The department will ask the Third Circuit Court of Appeals to overturn a federal judge’s decision dismissing an obscenity indictment against Extreme Associates, the DOJ announced Feb. 16. The 10-count indictment dismissed in January charged the Los Angeles-based business with conspiracy to distribute obscenity, as well as disseminating obscene material through the mail and the Internet.
New Attorney General Alberto Gonzales said in a written statement the DOJ “places a premium on the First Amendment right to free speech, but certain activities do not fall within those protections, such as selling or distributing obscene materials. The Department of Justice remains strongly committed to the investigation and prosecution of adult obscenity cases.”

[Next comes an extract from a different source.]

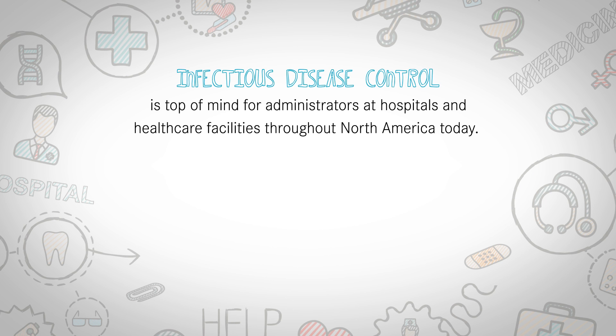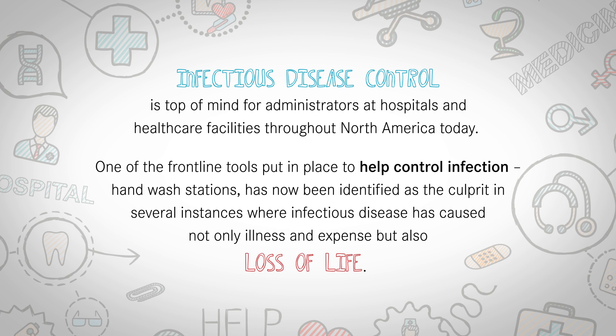Infectious disease control is top of mind for administrators at hospitals and healthcare facilities throughout North America today. One of the frontline tools put in place to help control infection — hand wash stations — has now been identified as the culprit in several instances where infectious disease has caused not only illness and expense, but also loss of life.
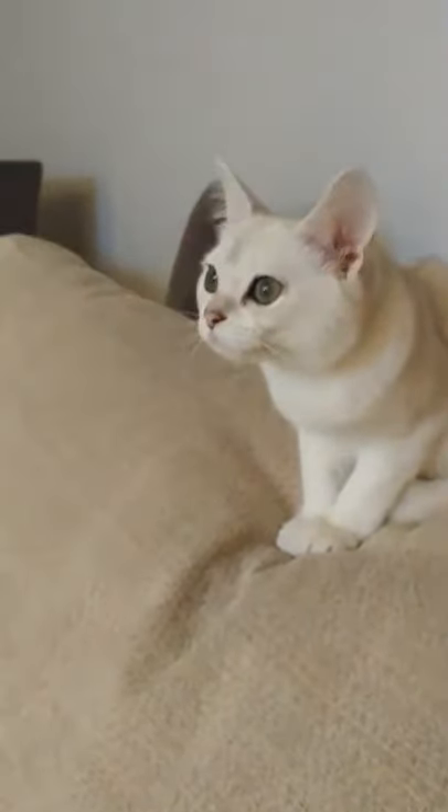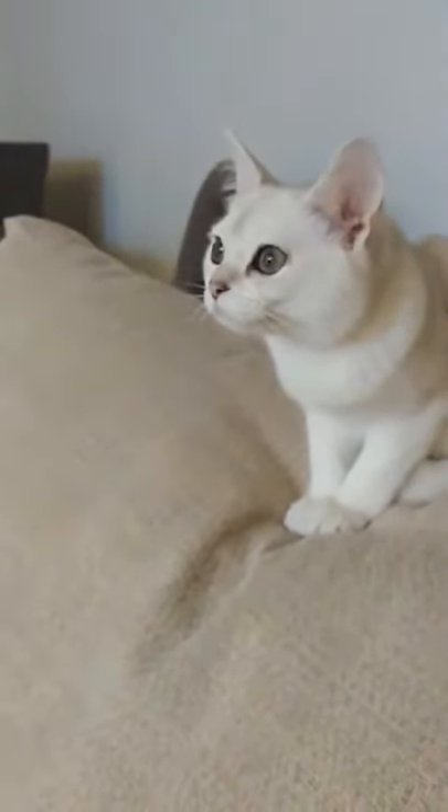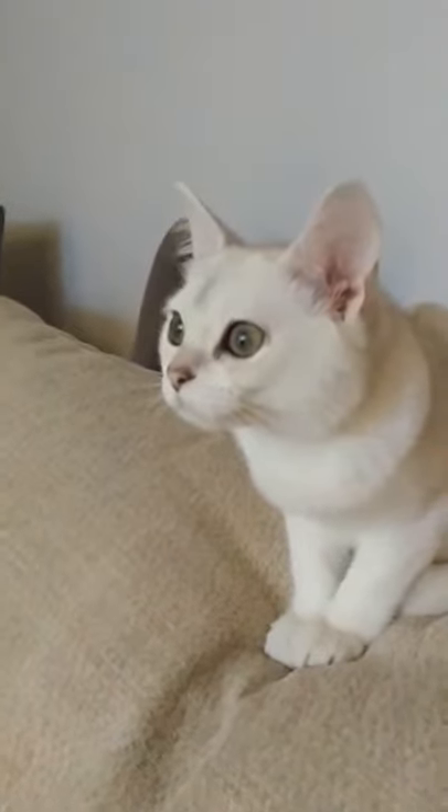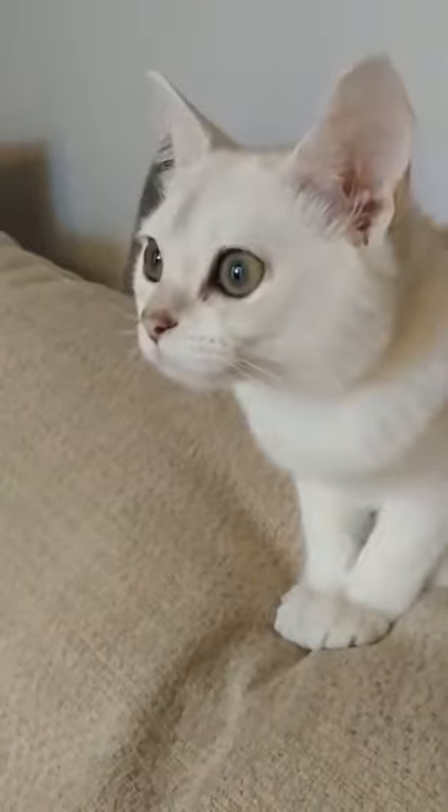The traditional and the modern. Modern Siamese cats have a long, sleek body. Traditional Siamese have a rounder body and an apple-shaped head.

Some pro-family organizations have questioned the Bush administration’s commitment to the fight against obscenity, however. While they charged the Clinton administration with a constant failure to prosecute obscenity under former Attorney General Janet Reno, they also were displeased with the DOJ’s record on obscenity under Bush’s first attorney general, John Ashcroft.
When it was revealed in early February Adelphia Communications Corp., the country’s fifth largest cable company, would begin offering hard-core pornography to subscribers in Southern California, the American Family Association blamed the Department of Justice.

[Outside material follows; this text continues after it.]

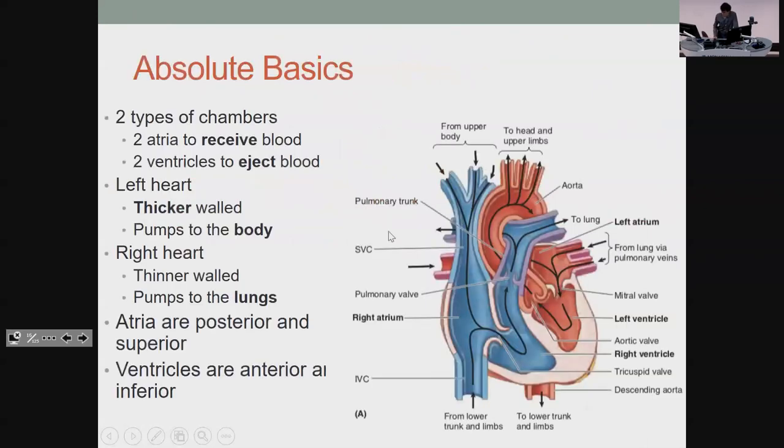Starting from the most basic: atria in, ventricles out. The left side is thicker because it has to go all around the body, while the right side is not as thick — it just goes to the lungs for oxygenation.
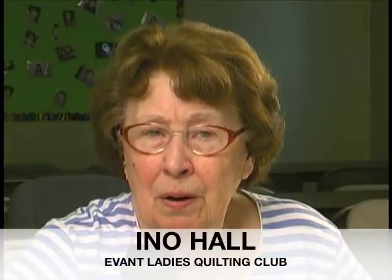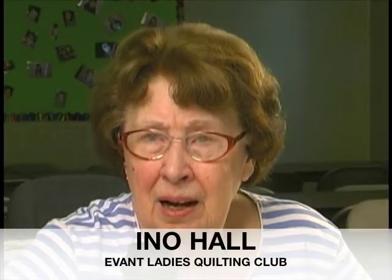We quilt from September until the last of May. We quilt twice a month — on the second and fourth Tuesdays each month.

“Adelphia feels safe in offering the illegal obscenity because they know that the Department of Justice will not prosecute them,” AFA Chairman Don Wildmon said in a written release. “During the past 12 years the distributors and retailers of obscenity have had an open door to distribute their product while DOJ looked the other way.”

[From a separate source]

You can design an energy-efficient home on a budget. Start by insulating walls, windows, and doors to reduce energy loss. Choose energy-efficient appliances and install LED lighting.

The department’s announcement of its appeal was made only two days after Gonzales was sworn in as attorney general Feb. 14.
In dismissing the indictment at Extreme Associates’ request in a western Pennsylvania federal court, Judge Gary Lancaster referenced a 2003 U.S. Supreme Court opinion overturning state prohibitions on homosexual sodomy. The Lawrence v. Texas decision, Lancaster wrote, “can be reasonably interpreted as holding that public morality is not a legitimate state interest sufficient to justify infringing on adult, private, consensual, sexual conduct even if that conduct is deemed offensive to the general public’s sense of morality.”
If Lancaster’s decision is upheld, the DOJ said it was concerned the ruling “would undermine not only the federal obscenity laws, but all laws based on shared views of public morality, such as laws against prostitution, bestiality and bigamy.”
Critics of the Supreme Court’s opinion in the Lawrence ruling warned the majority’s reasoning could produce such results.
Critics inside and outside Congress attacked Lancaster’s opinion as an extreme example of judicial activism.
Lancaster “is giving the Supreme Court an opportunity to eliminate anti-pornography laws,” said Pat Trueman, senior legal counsel of the Family Research Council, in a written statement. “If higher courts fail to overturn this decision, it will be yet more proof that the often-mocked ‘slippery slope’ argument is alive and well.”